Write out the data exactly from its first line onward, ending with the line in which "Boo Haw Cow Ghost Western Halloween Bath Mat" appears.

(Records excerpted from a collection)
· · · · · · ·
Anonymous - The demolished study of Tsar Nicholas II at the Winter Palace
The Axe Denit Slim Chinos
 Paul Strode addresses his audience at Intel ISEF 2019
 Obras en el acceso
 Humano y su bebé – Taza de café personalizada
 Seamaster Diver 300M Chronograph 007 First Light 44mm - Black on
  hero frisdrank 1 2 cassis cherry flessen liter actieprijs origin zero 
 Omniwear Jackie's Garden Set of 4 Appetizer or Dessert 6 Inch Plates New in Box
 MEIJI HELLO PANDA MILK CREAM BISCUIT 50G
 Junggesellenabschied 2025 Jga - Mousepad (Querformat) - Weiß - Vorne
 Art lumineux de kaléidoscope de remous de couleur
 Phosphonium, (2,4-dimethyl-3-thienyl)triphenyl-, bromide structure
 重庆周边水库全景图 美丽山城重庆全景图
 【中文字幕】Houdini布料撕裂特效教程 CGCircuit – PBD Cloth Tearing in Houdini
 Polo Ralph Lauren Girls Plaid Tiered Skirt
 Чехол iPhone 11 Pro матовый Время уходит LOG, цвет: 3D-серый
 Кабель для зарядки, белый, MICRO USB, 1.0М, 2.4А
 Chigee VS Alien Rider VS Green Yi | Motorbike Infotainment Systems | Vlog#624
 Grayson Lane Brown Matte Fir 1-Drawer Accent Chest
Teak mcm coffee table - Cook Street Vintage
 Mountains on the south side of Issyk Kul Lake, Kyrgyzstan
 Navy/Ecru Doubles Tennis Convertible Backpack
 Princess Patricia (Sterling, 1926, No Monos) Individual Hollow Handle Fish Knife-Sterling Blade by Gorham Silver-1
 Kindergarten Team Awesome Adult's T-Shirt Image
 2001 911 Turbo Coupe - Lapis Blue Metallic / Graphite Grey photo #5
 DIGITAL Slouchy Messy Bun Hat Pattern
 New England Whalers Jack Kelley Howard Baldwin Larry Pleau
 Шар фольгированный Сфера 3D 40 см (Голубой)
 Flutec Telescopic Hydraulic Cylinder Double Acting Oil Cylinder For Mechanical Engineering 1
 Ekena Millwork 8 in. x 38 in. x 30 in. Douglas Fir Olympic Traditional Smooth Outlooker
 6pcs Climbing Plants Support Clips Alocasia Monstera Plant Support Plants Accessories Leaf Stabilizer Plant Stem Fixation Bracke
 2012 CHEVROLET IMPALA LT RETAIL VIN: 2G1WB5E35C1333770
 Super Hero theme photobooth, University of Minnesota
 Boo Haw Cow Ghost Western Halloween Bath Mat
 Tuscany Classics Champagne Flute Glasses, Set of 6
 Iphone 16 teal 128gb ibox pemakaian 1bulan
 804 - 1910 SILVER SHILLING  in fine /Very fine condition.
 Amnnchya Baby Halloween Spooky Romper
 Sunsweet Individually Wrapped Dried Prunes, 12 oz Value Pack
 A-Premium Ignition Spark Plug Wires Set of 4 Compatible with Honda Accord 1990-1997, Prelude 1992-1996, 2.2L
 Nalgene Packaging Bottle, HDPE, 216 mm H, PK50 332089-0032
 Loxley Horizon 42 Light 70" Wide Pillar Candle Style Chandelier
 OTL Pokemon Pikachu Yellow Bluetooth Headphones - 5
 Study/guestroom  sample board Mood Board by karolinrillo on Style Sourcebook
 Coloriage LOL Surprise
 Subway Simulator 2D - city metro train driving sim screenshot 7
· · · · · · ·
=== Exercise answer ===
Anonymous - The demolished study of Tsar Nicholas II at the Winter Palace
The Axe Denit Slim Chinos
 Paul Strode addresses his audience at Intel ISEF 2019
 Obras en el acceso
 Humano y su bebé – Taza de café personalizada
 Seamaster Diver 300M Chronograph 007 First Light 44mm - Black on
  hero frisdrank 1 2 cassis cherry flessen liter actieprijs origin zero 
 Omniwear Jackie's Garden Set of 4 Appetizer or Dessert 6 Inch Plates New in Box
 MEIJI HELLO PANDA MILK CREAM BISCUIT 50G
 Junggesellenabschied 2025 Jga - Mousepad (Querformat) - Weiß - Vorne
 Art lumineux de kaléidoscope de remous de couleur
 Phosphonium, (2,4-dimethyl-3-thienyl)triphenyl-, bromide structure
 重庆周边水库全景图 美丽山城重庆全景图
 【中文字幕】Houdini布料撕裂特效教程 CGCircuit – PBD Cloth Tearing in Houdini
 Polo Ralph Lauren Girls Plaid Tiered Skirt
 Чехол iPhone 11 Pro матовый Время уходит LOG, цвет: 3D-серый
 Кабель для зарядки, белый, MICRO USB, 1.0М, 2.4А
 Chigee VS Alien Rider VS Green Yi | Motorbike Infotainment Systems | Vlog#624
 Grayson Lane Brown Matte Fir 1-Drawer Accent Chest
Teak mcm coffee table - Cook Street Vintage
 Mountains on the south side of Issyk Kul Lake, Kyrgyzstan
 Navy/Ecru Doubles Tennis Convertible Backpack
 Princess Patricia (Sterling, 1926, No Monos) Individual Hollow Handle Fish Knife-Sterling Blade by Gorham Silver-1
 Kindergarten Team Awesome Adult's T-Shirt Image
 2001 911 Turbo Coupe - Lapis Blue Metallic / Graphite Grey photo #5
 DIGITAL Slouchy Messy Bun Hat Pattern
 New England Whalers Jack Kelley Howard Baldwin Larry Pleau
 Шар фольгированный Сфера 3D 40 см (Голубой)
 Flutec Telescopic Hydraulic Cylinder Double Acting Oil Cylinder For Mechanical Engineering 1
 Ekena Millwork 8 in. x 38 in. x 30 in. Douglas Fir Olympic Traditional Smooth Outlooker
 6pcs Climbing Plants Support Clips Alocasia Monstera Plant Support Plants Accessories Leaf Stabilizer Plant Stem Fixation Bracke
 2012 CHEVROLET IMPALA LT RETAIL VIN: 2G1WB5E35C1333770
 Super Hero theme photobooth, University of Minnesota
 Boo Haw Cow Ghost Western Halloween Bath Mat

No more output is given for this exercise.